→ **Your assignment**:
Among the entries below, the lines from the one with "New 2026 Onyx Black GMC SLT image 2" up to and including the one with "1407 N San Marcos Street, Seguin, TX 78155" are to be restated exactly, without pictures.
=== Excerpted data ===
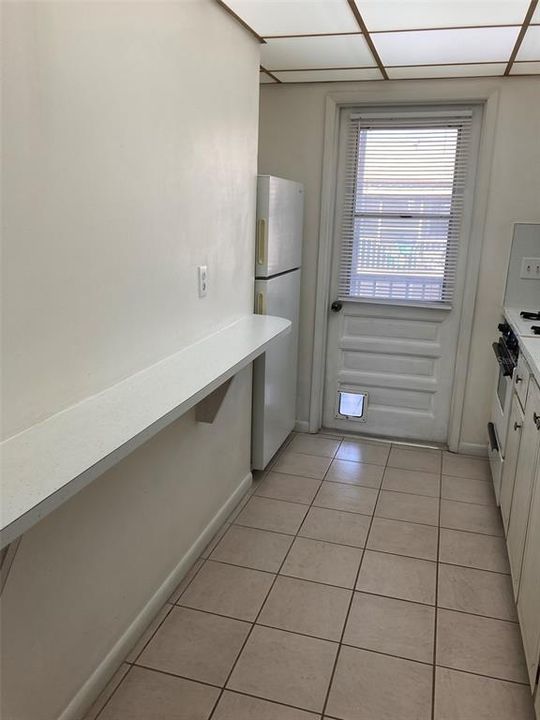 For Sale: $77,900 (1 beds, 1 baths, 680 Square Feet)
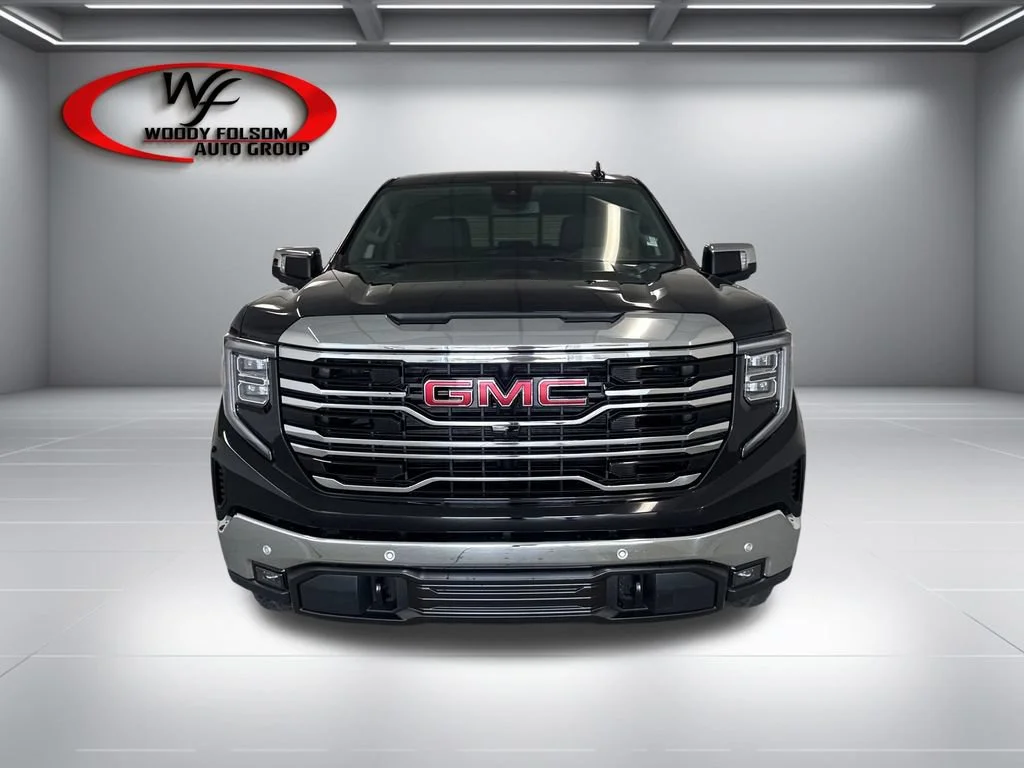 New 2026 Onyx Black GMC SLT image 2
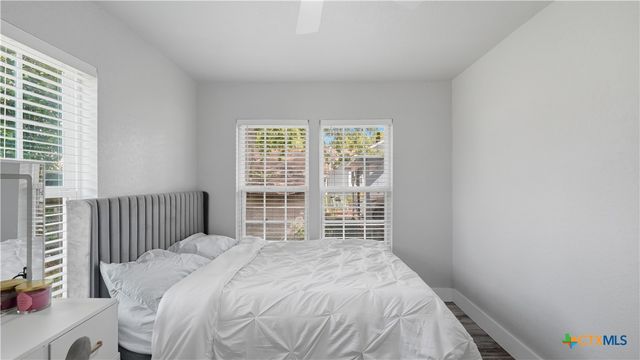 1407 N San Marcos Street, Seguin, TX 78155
===
=== Excerpted data ===
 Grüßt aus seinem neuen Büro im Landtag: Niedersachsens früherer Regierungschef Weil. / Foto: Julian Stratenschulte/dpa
===
→ **Worked solution**:
 New 2026 Onyx Black GMC SLT image 2
 1407 N San Marcos Street, Seguin, TX 78155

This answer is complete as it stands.